HAROLD'S CROSS PUBLIC PARK
Harold's Cross got its name from a cross that marked the boundary of the lands owned by the archbishop of Dublin and the lands of the wild Harold Clan from Rathfarnham hundreds of years ago. The cross was probably located somewhere near the present junction at Kenilworth Road. The modern Celtic Cross at the northern tip of the park was erected in 1954.
The green in Harold's Cross, which is now Harold's Cross Park, is visible on many of the oldest maps of the area. The archbishop maintained a gallows on the green which helped to keep the Harold Clan at bay. Later, the gallows were replaced with a maypole and this became the centre of dancing and festivities each May, until the practice ceased around the middle of the 19th Century.
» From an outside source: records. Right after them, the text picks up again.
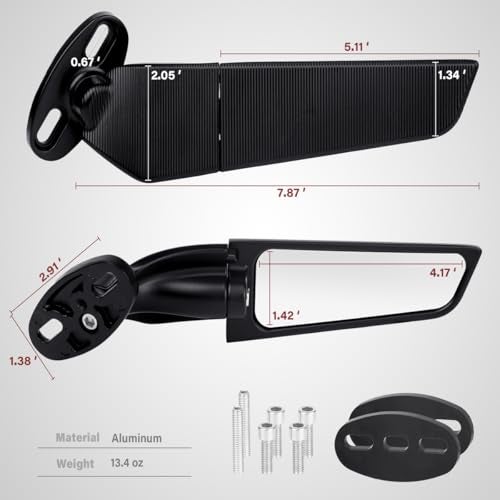 GZDLMoto Angle Wing Rearview Mirror, Racing Motorcycle Adjustable Side Rear View Mirrors, For Honda Kawasaki Suzuki Yamaha Universal Stealth Mirror(Black,Small Lens) - Image 5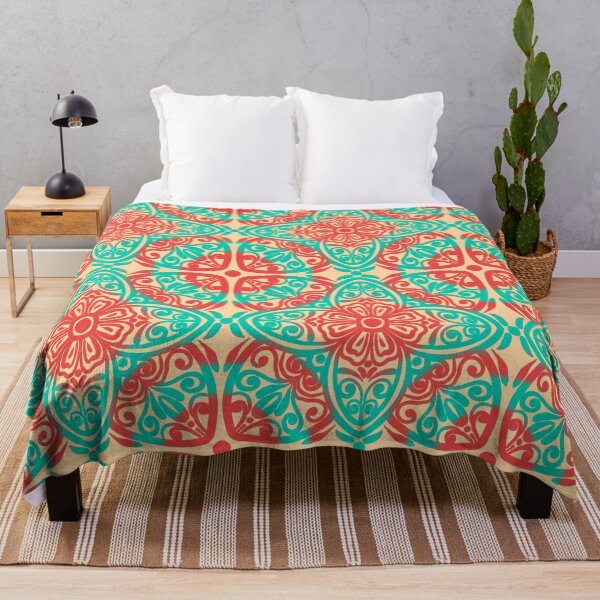 Item preview, Portuguese Ceramic Tile Motif | Red & Turquoise Mediterranean Talavera Pattern designed and sold by Rukhscreations.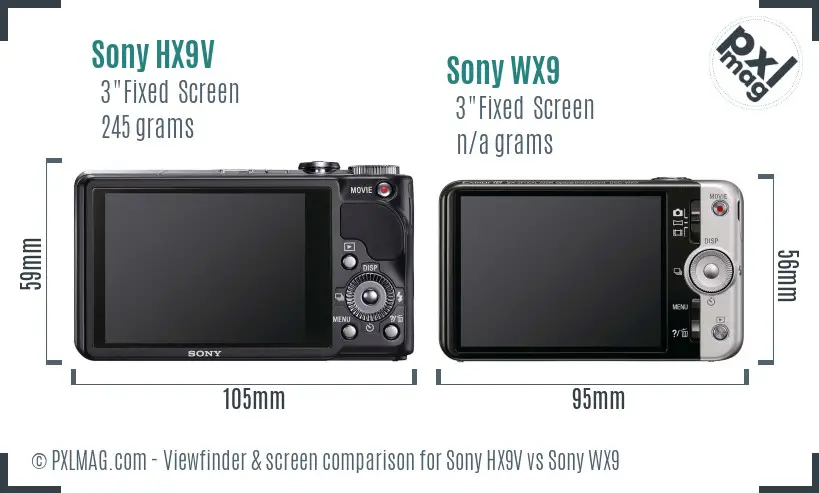 Sony HX9V vs Sony WX9 Screen and Viewfinder comparison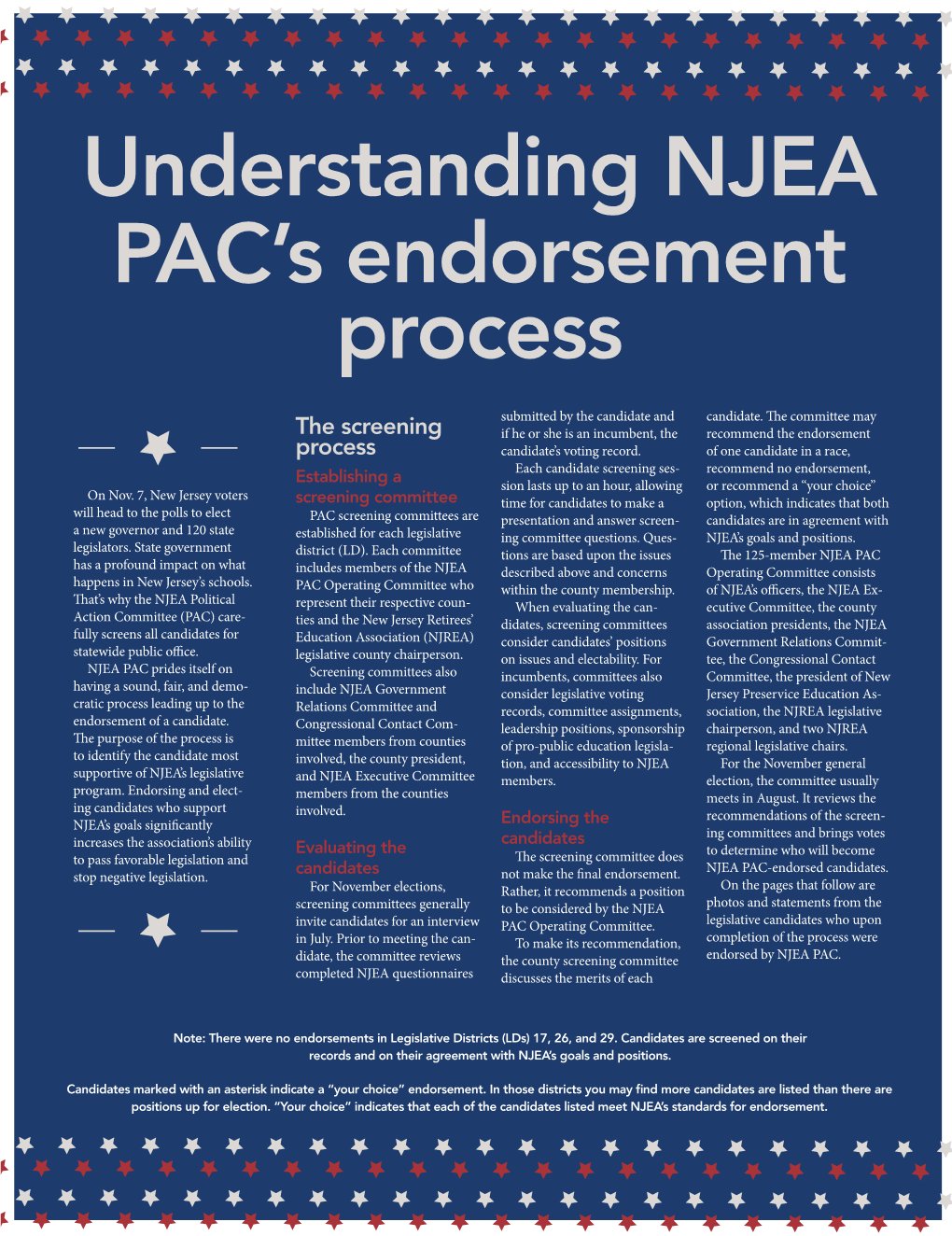 Understanding NJEA PAC's Endorsement Process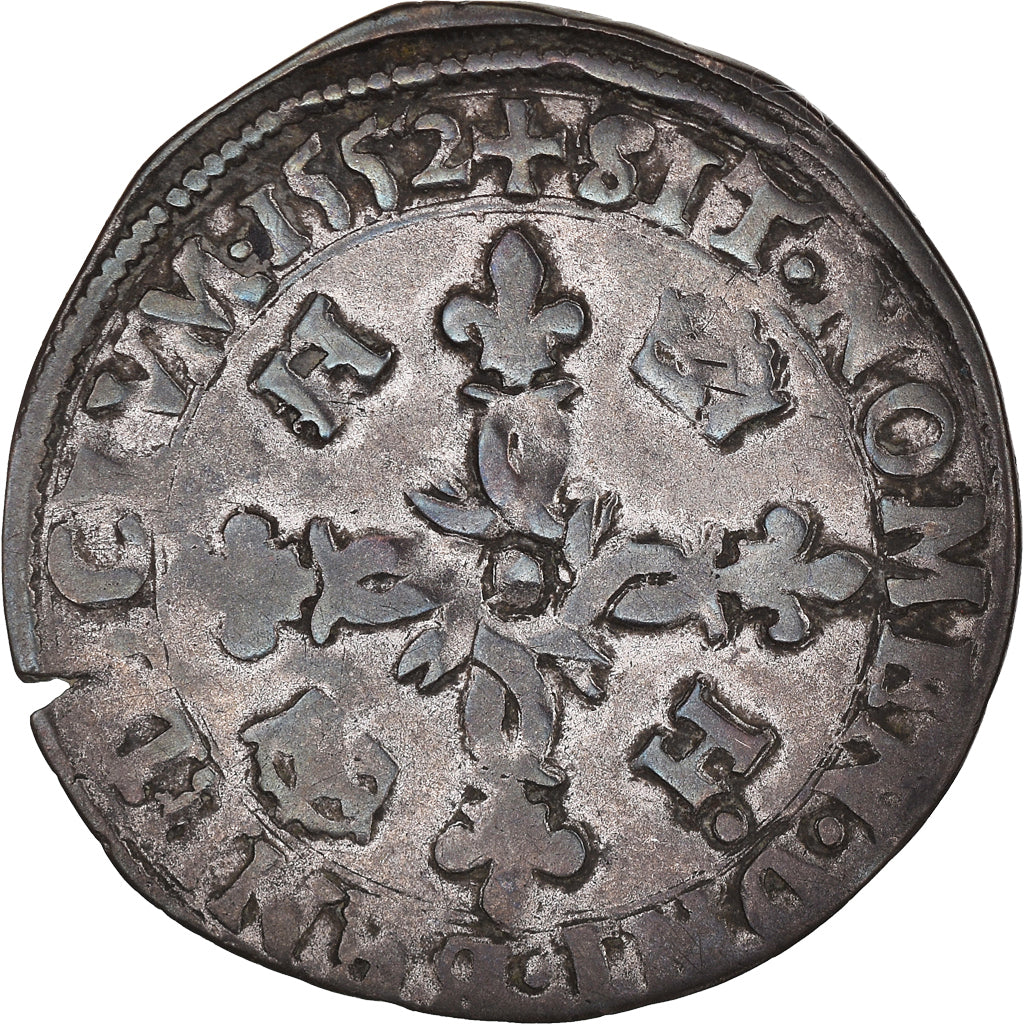 Coin, France, Henri II, Douzain aux croissants, 1552, La Rochelle, VF(30-35)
In 1890 the Harold's Cross Improvement Association was formed, and three years later they persuaded the Rathmines' and Rathgar commissioners to purchase the three acre green from the Irish Land Commission for five shillings. Local businesses contributed £500 toward the creation of a new park.
The park was designed by Mr William Sheppard, the eminent landscape gardener of the time, who is also credited with the design of St. Stephen's Green and Palmerston Park. Assisted by his son William Junior the park was completed in two months. It officially opened on 1st May 1894.